There are clips of speeches from activist Egyptt LaBeija from the Visual Aids 6th Annual Last Address Tribute Walk in 2018, who when speaking of Greenwich Village, said: “And to see this whole village transform into what it is now, is taking away the history of what this village was and should always be. The village is for us. Can I get an amen?”

The crowd roars: “Amen.”

“We wanted to create something that is living and breathing, that isn’t static,” said Harper. “The key was to include key historical figures who took part in the early days of the epidemic, alongside young vibrant voices from today.”

At 10am each day, the memorial will also feature a recording read by an art collective called What Would an HIV Doula Do?, a group of activists, friends and caregivers, and long-term survivors of HIV, who will read out the names of more than 2,000 New Yorkers who have lost their lives to Aids (over 100,000 New Yorkers have died from Aids).

“It’s important we say the names of people we’ve lost,” said Theodore Kerr, the project’s creative consultant.

These audio pieces are accompanied by an online component called A Time To Listen, a conversation series where selected experts reflect on candid clips from Aids history that helped inspire this project.

One of the most influential speeches as part of this project is Vito Russo’s speech Why We Fight, which is included in the montage that plays at 7pm throughout the month of December.

“To me, still to this day, it gives me chills,” said Harper. “It’s emotional to hear his voice, he did not live to see the memorial he built, the emergence of useful treatments for HIV. To look back on his words of anger and hopefulness, which are relevant not only to HIV, but the current pandemic we’re living through. Those folks never gave up.”

In his speech he says: “Someday, the Aids crisis will be over. Remember that. And when that day comes – when that day has come and gone, there’ll be people alive on this earth – gay people and straight people, men and women, black and white, who will hear the story that once there was a terrible disease in this country and all over the world, and that a brave group of people stood up and fought and, in some cases, gave their lives, so that other people might live and be free.”

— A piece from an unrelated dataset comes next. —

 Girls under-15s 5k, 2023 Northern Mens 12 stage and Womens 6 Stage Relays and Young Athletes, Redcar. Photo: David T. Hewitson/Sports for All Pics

Kerr says it’s important to look back on another epidemic. “With Covid-19, we can listen to these oral histories, and how people are living in the past and present, which helps us get through the current pandemic we’re living in.”

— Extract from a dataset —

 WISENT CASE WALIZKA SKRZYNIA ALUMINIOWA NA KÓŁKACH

He also wants more of us to remember people are still living with HIV today. “I always ask, how do you memorialize an epidemic when it’s still ongoing?” asks Kerr. “People don’t talk about what young people with HIV have to deal with. In many ways, it’s difficult because both are not just wrestling with the virus but the history of HIV.”

New York City Aids Memorial sits in the heart of Manhattan’s West Village and features a canopy with a triangular motif.
New York City Aids Memorial sits in the heart of Manhattan’s West Village and features a canopy with a triangular motif. Photograph: Edward Caruso

One of the artists who is part of the collection is artist and writer Kia LaBeija, who reads a poem called Drafted which she wrote and recorded in 2017. LaBeija, who was born with HIV, writes about her mother in the poem, when she writes: “She found herself fighting a battle that she was destined to lose, but along with her smile, I inherited the thickness of her skin, the blood running through my veins, her only living will.”

“I wrote it in my bathtub, which is where I write everything good,” said LaBeija on the phone from Los Angeles. “I put out a lot of artwork about living in HIV, but I’m processing it in a public way, and at the time, I started feeling overwhelmed by it.

“But it eases my mind to think we’re all put on this earth for a reason,” she said, “By sharing my experience, I hope it can shift the narrative, shift people’s hearts or help someone in a similar situation.”

World Aids Day is a double-edged sword for people living with HIV, says LaBeija. “It’s a day where we can have conversations, honor those we have lost, and those who are still with us,” she said, “but I want people to keep talking about it on December second, third and fourth.

“We need to continue these conversations. Aids is an ulcer, it’s still a major crisis.”